▶ [AIM OF THE TASK] Write each line out exactly, from the one containing "DC Justice League" through the final line of the data, and keep pictures out of the copy.

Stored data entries
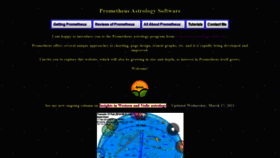 What Prometheusastrology.com website looked like in 2021 (3 years ago)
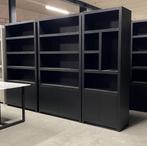 vakkenkast 80x220cm hotel chique zwart eiken fineer, Huis en Inrichting, Kasten | Boekenkasten, Ophalen, 200 cm of meer, Eikenhout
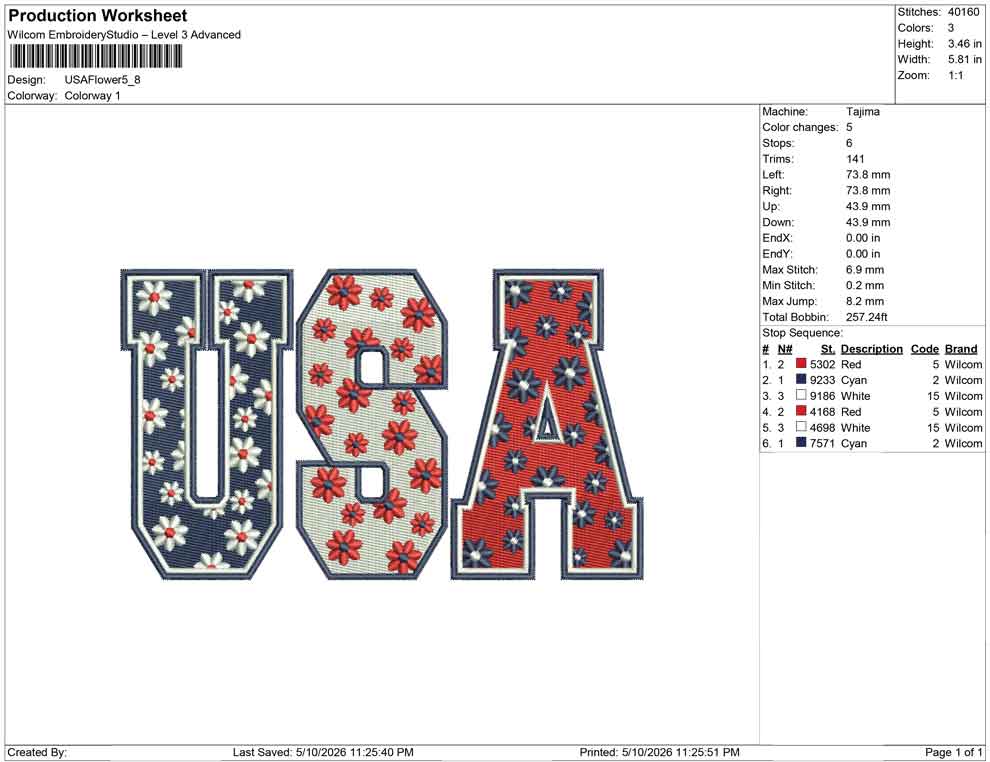 USA Flower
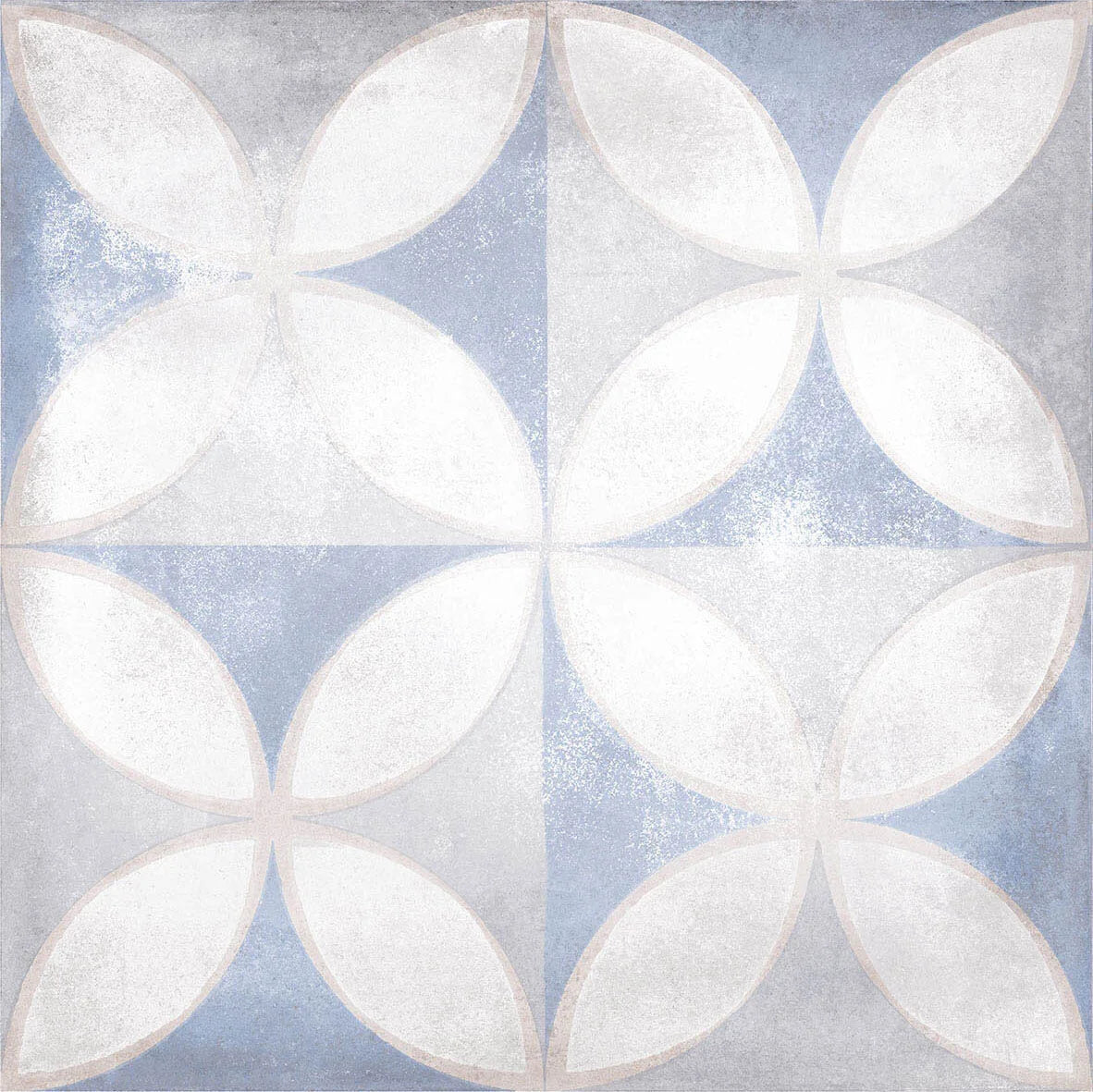 Porcelain Tile -  Four Cement 03  8"x8"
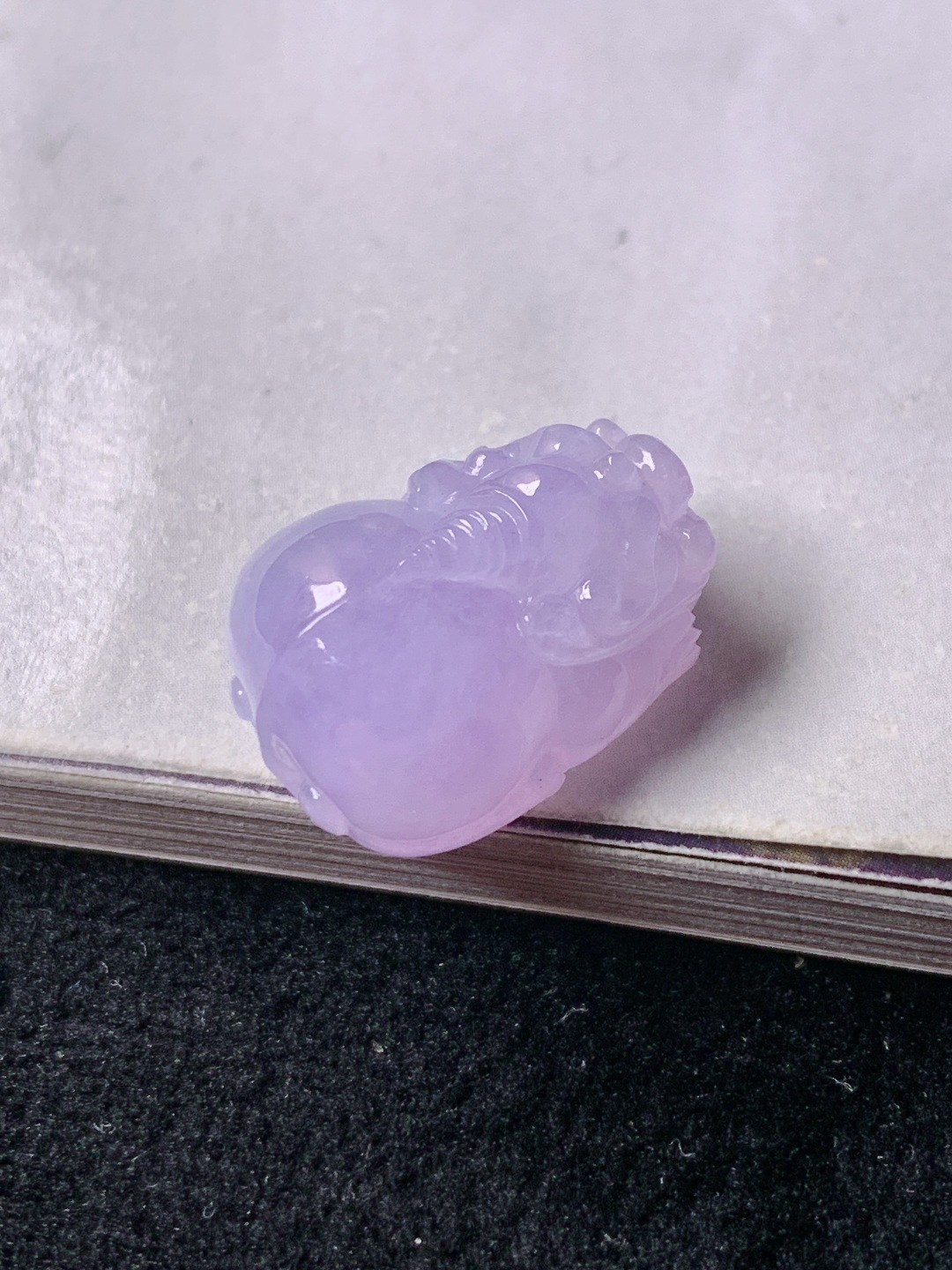 ️冰紫貔貅，色泽浓艳 0805尺寸19.5*14.4*10.1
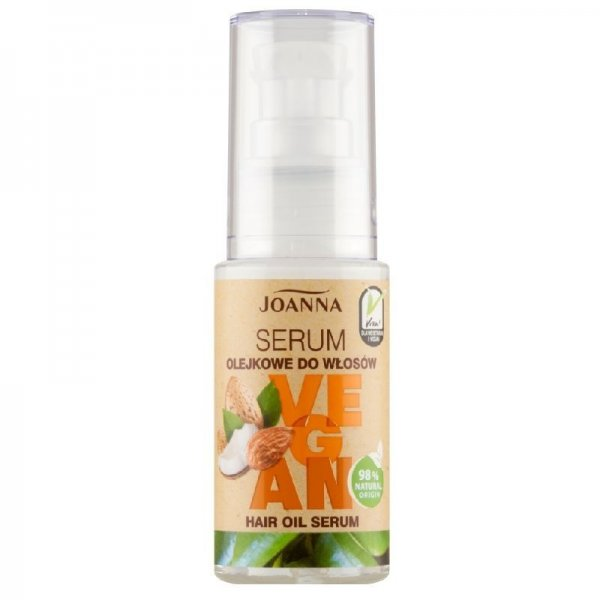 Joanna Vegan, serum olejkowe do włosów, 25g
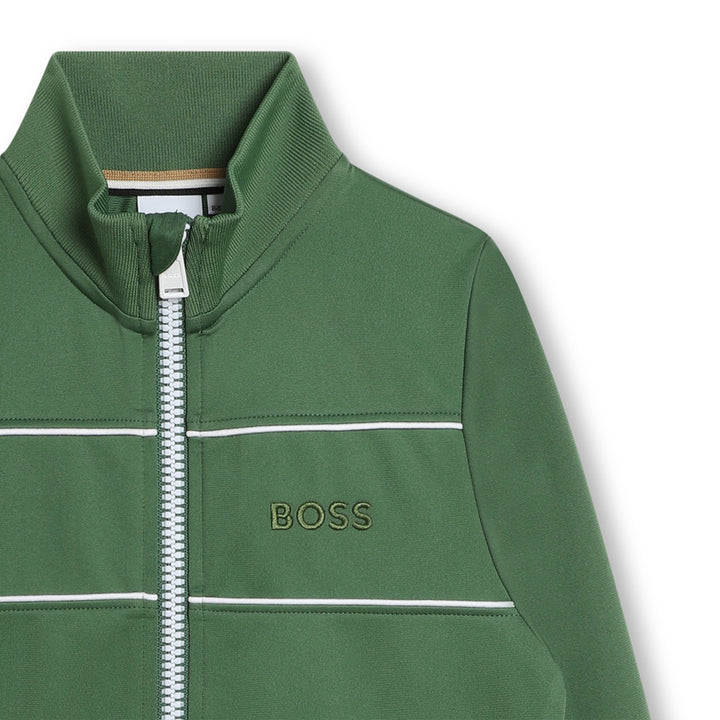 Hugo Boss Green Zip Sweatshirt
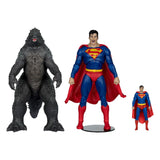 DC Justice League Monsterverse DC Multiverse Actionfiguren 2er-Pack Superman Vs. Godzilla 30 cm - Smalltinytoystore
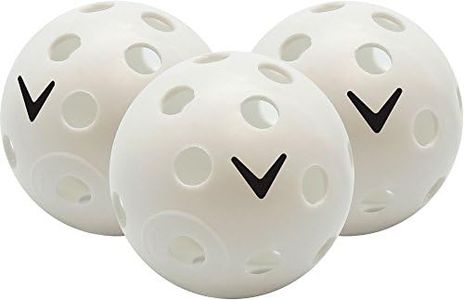 Callaway Perforated Practice Golf Balls Plastic 24 Count White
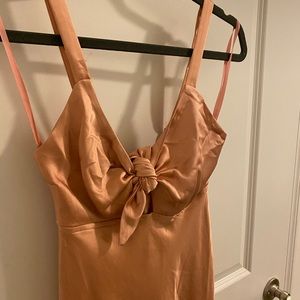 Selfie Leslie Blush Satin Midi Dress - New with Tags - never worn.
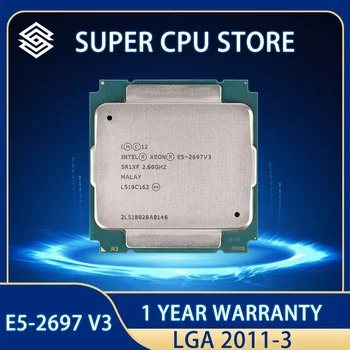Intel Xeon E5-2697 v3 E5 2697 v3 E5 2697v3 CPU Protsessor 2.6 GHz Neliteist Südamikud Kakskümmend kaheksa Niidid, 35M 145W 22nm LGA-2011-3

▶ [WRITTEN ANSWER]
 DC Justice League Monsterverse DC Multiverse Actionfiguren 2er-Pack Superman Vs. Godzilla 30 cm - Smalltinytoystore
 Callaway Perforated Practice Golf Balls Plastic 24 Count White
 Selfie Leslie Blush Satin Midi Dress - New with Tags - never worn.
Intel Xeon E5-2697 v3 E5 2697 v3 E5 2697v3 CPU Protsessor 2.6 GHz Neliteist Südamikud Kakskümmend kaheksa Niidid, 35M 145W 22nm LGA-2011-3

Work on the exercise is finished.